CLEANING MULTIMETAL JEWELRY

  1. A silver polishing cloth works very well on light tarnish and on
    pieces with an oxidized finish.

  2. When you are travelling, toothpaste is a good way to clean
    brass, copper, or nickel-silver jewelry, although some of the gel
    types are not as effective. Be sure to take along an old toothbrush
    to remove the toothpaste from fingernails and jewelry crevices…

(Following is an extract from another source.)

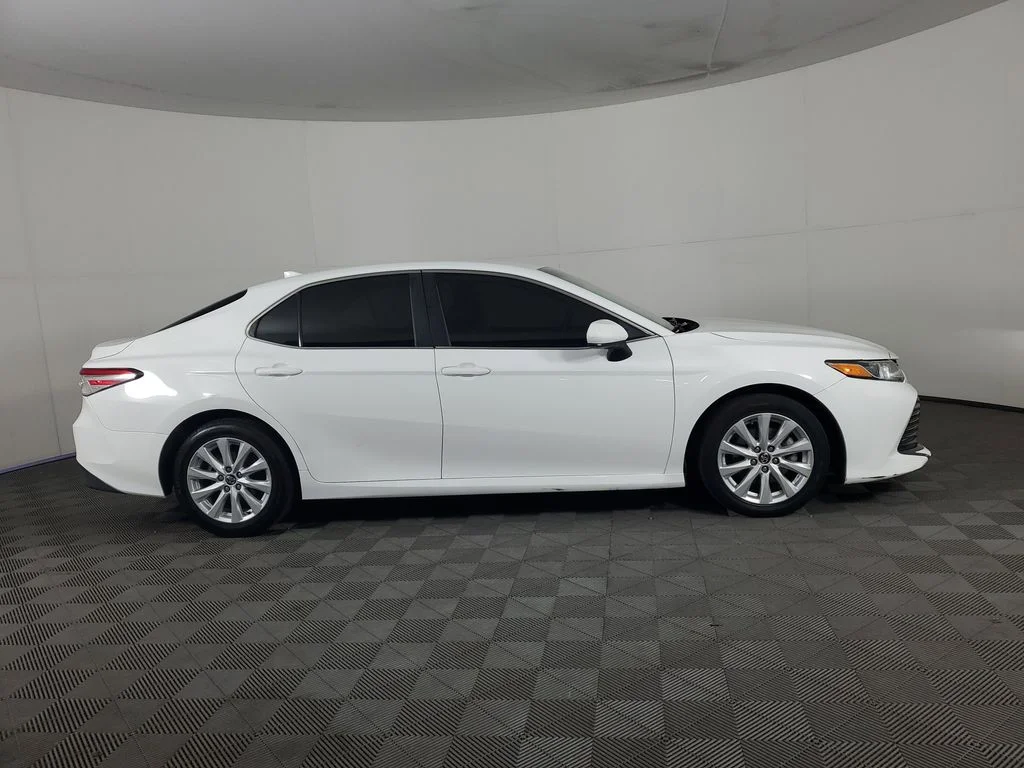 Used 2020 White Toyota LE image 3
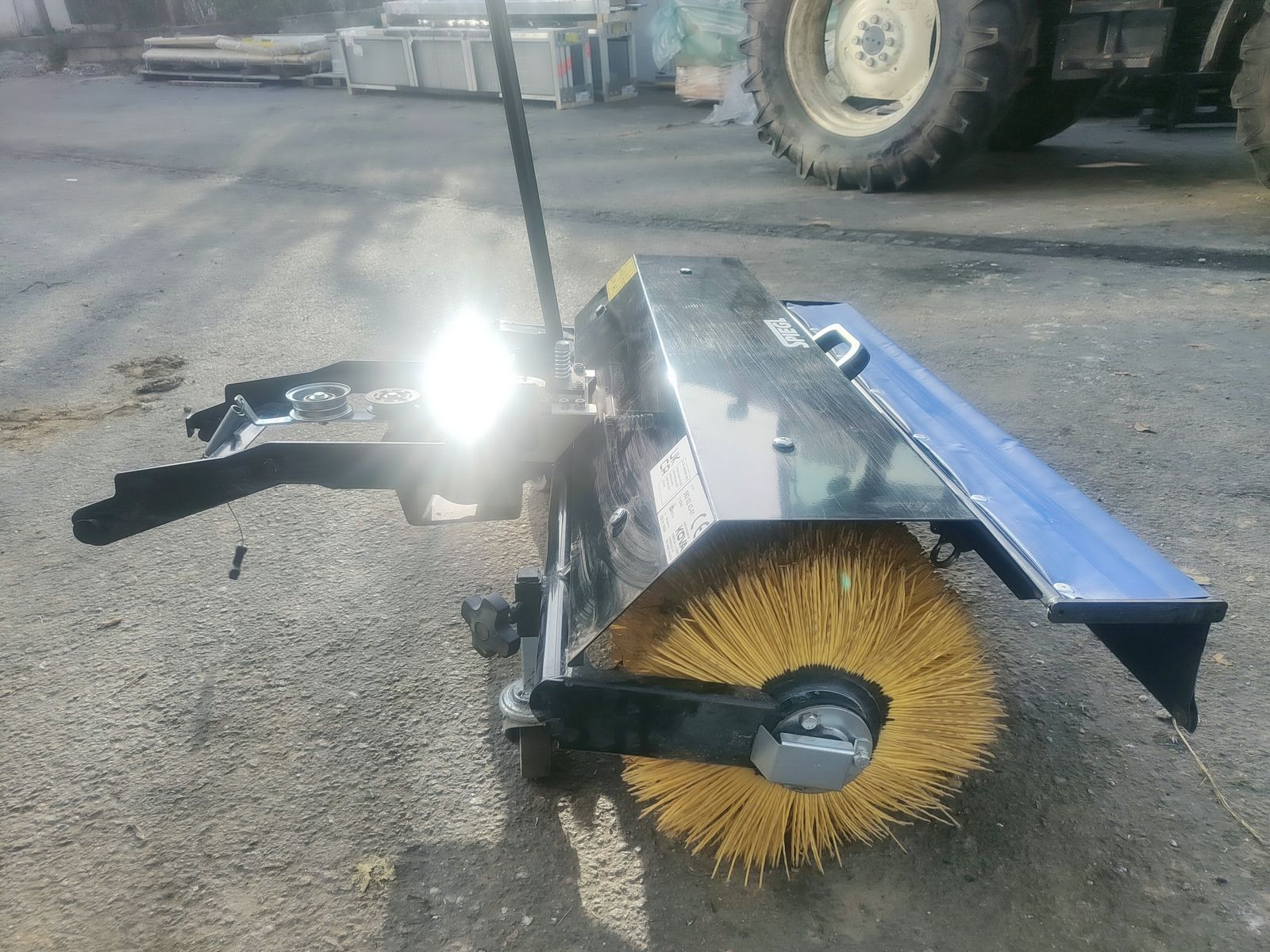 Husqvarna Kehrmaschine zu Rider RC318 & RC320 1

  3. A mixture of 1 1/2 teaspoons of salt in a cup of white vinegar
    will also clean multimetal jewelry. [Frankly, I’ve never tried
    this… I read it somewhere. I put it in here for people who may not
    want to use Tarn-X for some reason.]

  4. For heavy tarnish and corrosion, commercial brass cleaners such
    Brasso, Wrights, etc., are effective. For remaining spots, try 4/0
    (0000) steel wool, which may (or may not) slightly dull a mirror
    finish.

  5. Dipping multimetal jewelry for a couple of seconds in a
    commercial liquid silver cleaner called “Tarn-X” is often the
    simplest method. Follow the dipping with a thorough rinsing and
    drying. Once dry, buff jewelry with the silver cleaning cloth, if
    needed. For regular cleaning, keep a small amount of Tarn-X in a
    container with a snug plastic lid; it may be re-used for months. Do
    NOT dip pieces with an oxidized finish. (Some cautions about using
    Tarn-X: (a) dipping jewelry will probably remove any antiquing or
    oxidized coloring it has; (b) most harder stones may be safely
    dipped, but the surfaces of coral and lapis lazuli are dulled by
    repeated contact with Tarn-X, and sodalite may turn from blue to
    purple. Read the Tarn-X label.)

All the best,
Judy Bjorkman


#9

I think even famous artists have proven that the focus can be more
on the art than on the materials! I also love copper and brass and
use copper in a lot of my “married metals” pieces.